In The Intern, Meyers has created a predictable yet crowd-pleasing tale where the older generation imparts sage wisdom to the Millennial crowd. Ben Whittaker (Robert De Niro), a genial widower searching for meaning in life beyond tai chi in the park and Starbucks, stumbles upon a senior internship program at a Brooklyn fashion start-up. As you may have surmised, septuagenarian Ben is assigned to frazzled Jules, the workaholic founder of the booming e-commerce enterprise.

Tiny blips of comedy and drama ensue. Jules doesn’t really want Ben finding the cracks in her flawless exterior, especially her crumbling home life. Ben struggles to learn about technology, new workplace culture (everyone dresses “cash,” no suit and tie required) and modern dating, where email and texting replace real conversation. The movie unfolds pleasantly; gentle Ben wins over spiky Jules with his old-school charm and veteran knowledge of office politics. Their budding friendship balances out Meyers’ missteps, particularly the schmaltzy social humor clogging the script—mother-daughter angst, the struggle to balance work and home life, the elderly’s lack of tech skills; the list goes on.
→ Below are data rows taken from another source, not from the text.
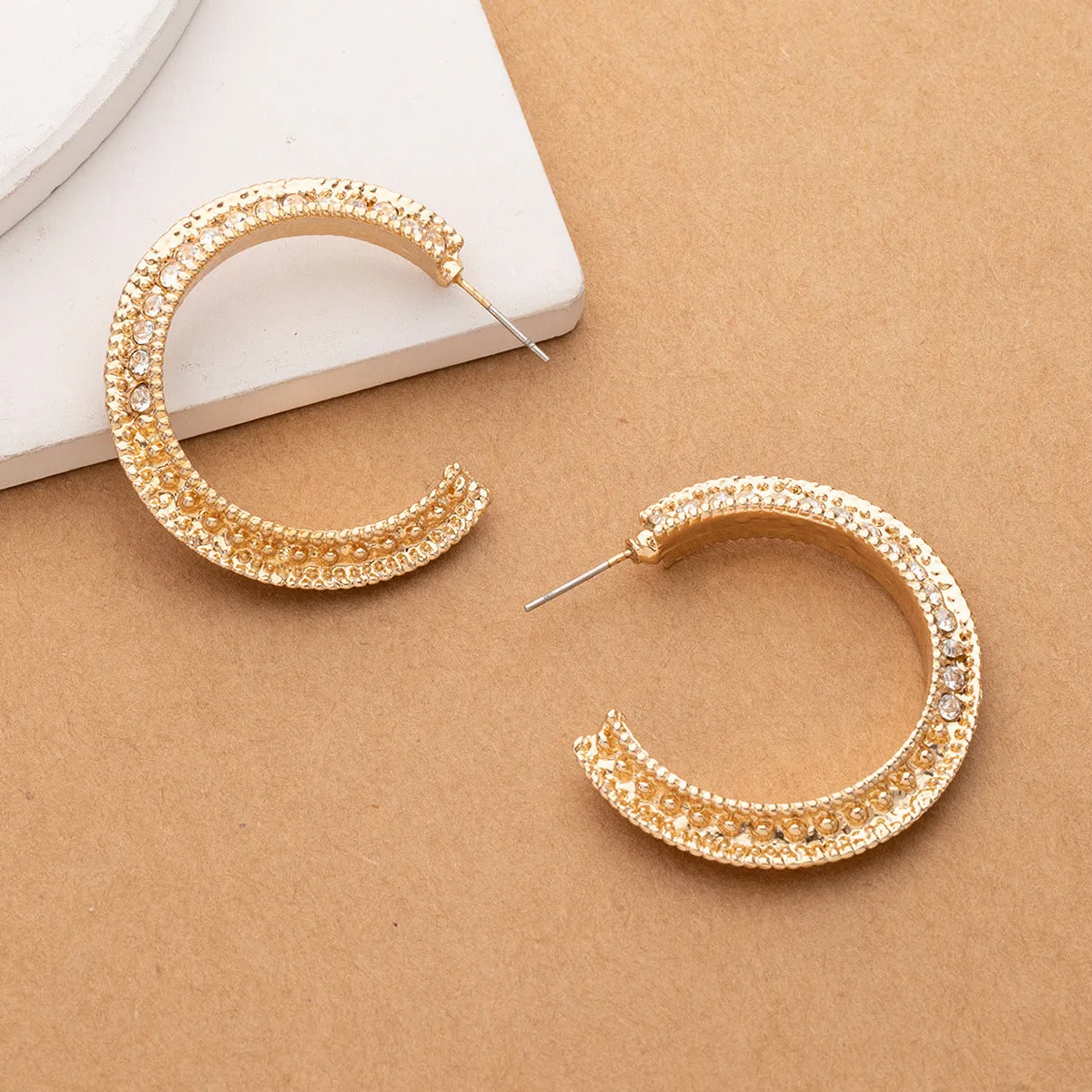 Wholesale Silver Needle Retro Simple Diamond C Shape Earrings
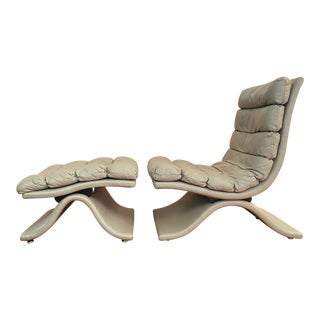 Drexel Leather Lounger With Ottoman For Sale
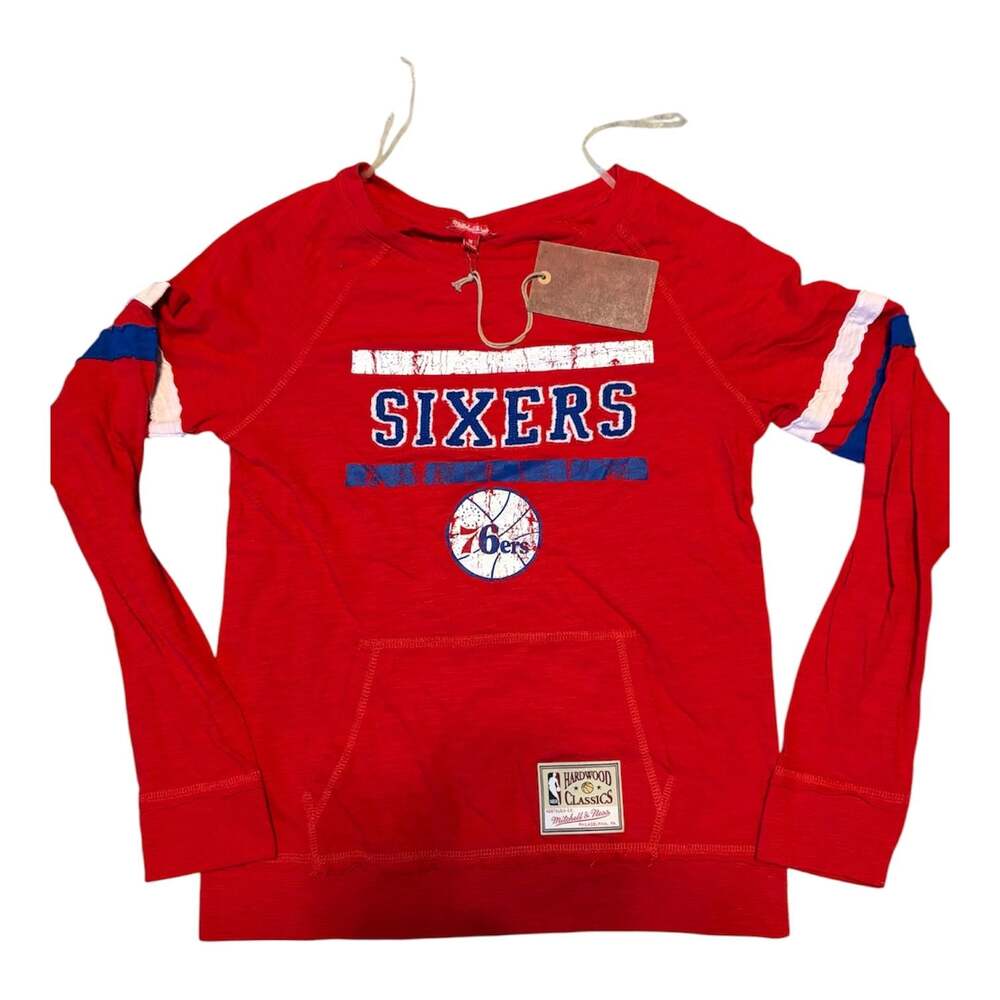 Mitchell & Ness women’s 76ers HWC Red Long Sleeve Lightweight Hoodie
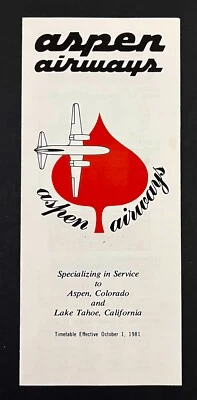 Folleto de horarios de vuelo vintage 1981 Aspen Airways Colorado Lake Tahoe California Foto 1 de 3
In the end, everyone gets what he or she needs to smooth over life’s challenges: Ben finds a new passion and a new love interest, and Jules gains some much needed perspective on her job and marriage. Meyers tries to address issues like the loneliness of aging and the trials of working mothers head-on, but the story she tells is slight, leaving one feeling like there is a bigger, better one bubbling underneath the vanilla-and-cashmere surface. One walks away wishing life would somewhat resemble the perpetual niceness embodied by Meyers’ sunny yet charmingly flawed characters, but recognizing that it's an unlikely reality. Still, if you seek comfort rather than complexity, The Intern satisfies completely.